Ant Group's research arm pushed Ling-2.6-flash to Hugging Face this week, an open-source mixture-of-experts instruct model that totals 104 billion parameters but only activates 7.4 billion on any given forward pass. Mirror weights also went up on ModelScope. License is MIT.
The architecture continues the direction set by Ling 2.5: a 1:7 ratio of MLA and Lightning Linear attention layers, stacked on top of a sparse MoE backbone. Ant says this gets inference to 340 tokens per second on a 4x H20 setup, with prefill and decode throughput up roughly 4x against comparable peers. Those numbers are in-house, measured on Ant's own hardware.
The independent read is more modest. Artificial Analysis clocks the median provider at 209.8 tokens per second and scores the model 26 on its Intelligence Index. The full benchmark run consumed 15M output tokens and cost $22.90 in compute, which AA flags as somewhat verbose against the 7.9M-token average for the suite. Context window is 262K.

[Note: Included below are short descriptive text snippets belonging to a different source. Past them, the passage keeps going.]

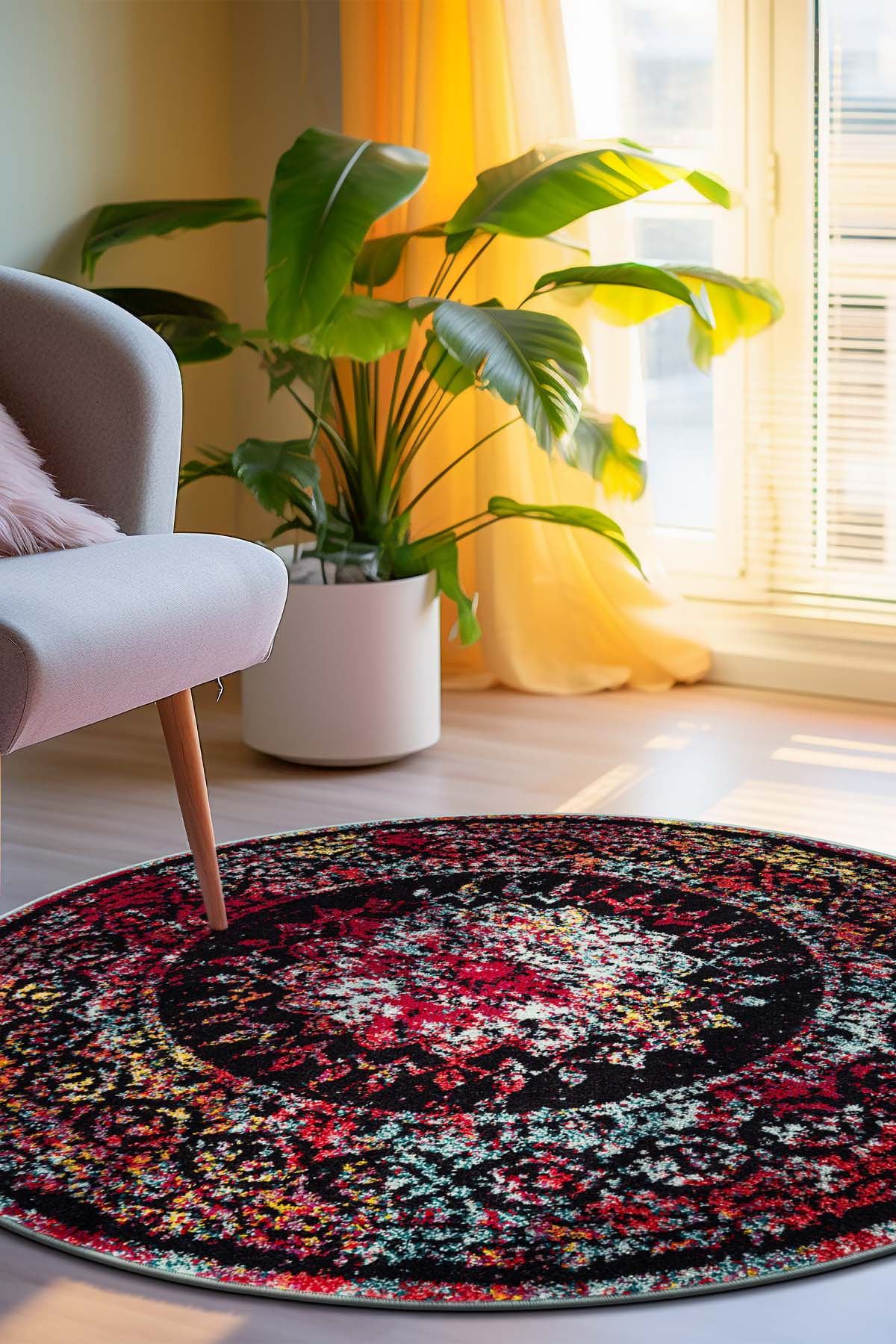 Angorahome Spring Koleksiyonu Dokuma Makine Halısı SP1008 120 x 120 Yuvarlak - 5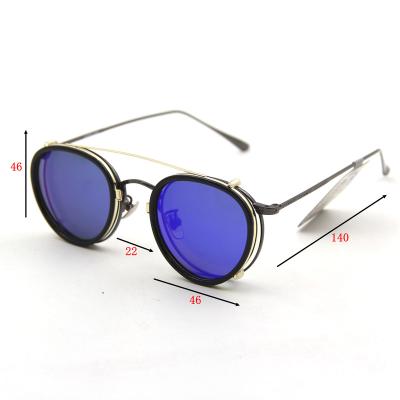 China Fashionable Metal Glass Frame Clip On Sunglasses UV400 Polarized Sunglasses for sale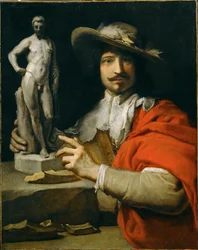Porträtt av skulptören Francois Duquesnoy (målning på duk)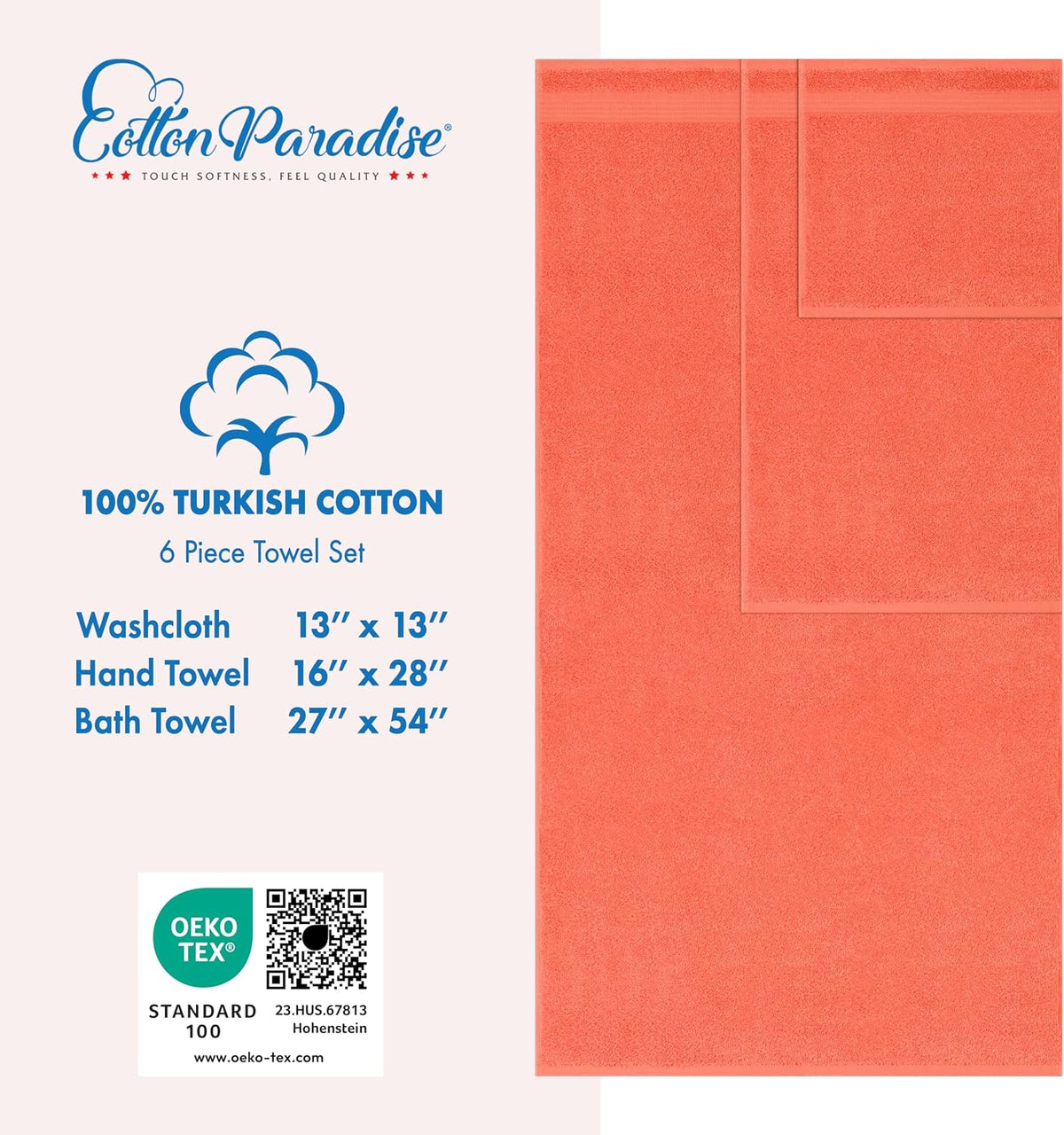 cotton paradise 6 piece towel set, 100% cotton, side view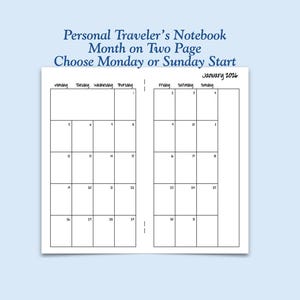 Printed Personal Size Month on Two Page Traveler's Notebook Insert - Choose Dated or Undated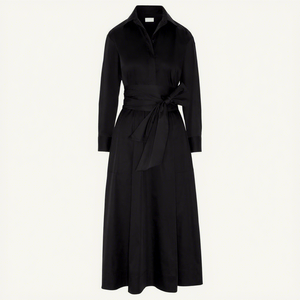 Robe longue en nylon et coton à manches longues pour femmes, tenue de bureau formelle, robe chemise pour dames - Product Image 5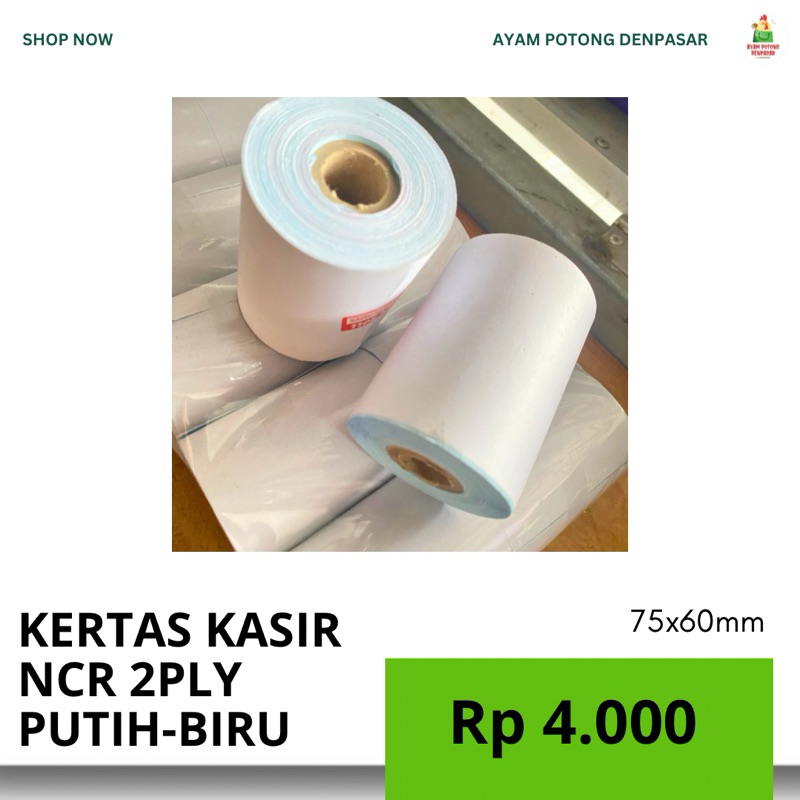 

KERTAS KASIR NCR 2PLY PUTIH BIRU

Ant is aiming this squarely at agent workloads: tool use, multi-step planning, the kind of thing that burns tokens fast in long-reasoning systems. The release notes also concede the model still hallucinates tool calls in complex scenarios, and that bilingual Chinese-English switching needs work.
SGLang and vLLM are both supported at launch, with BF16 and FP8 weights officially provided. Pricing on the lone API provider currently listed sits at $0.10 per million input tokens, $0.30 per million output.
Bottom Line
Ling-2.6-flash activates only 7.4B of its 104B parameters per token and cost $22.90 to evaluate across the full Artificial Analysis Intelligence Index.
Quick Facts
- 104B total parameters, 7.4B active per forward pass
- 262K context window
- 340 tokens/s on 4x H20 (company-reported); 209.8 t/s median per Artificial Analysis
- 15M tokens consumed on full AA Intelligence Index suite (company-reported as efficient)
- Pricing: $0.10 / $0.30 per 1M input/output tokens
- MIT license; BF16 and FP8 weights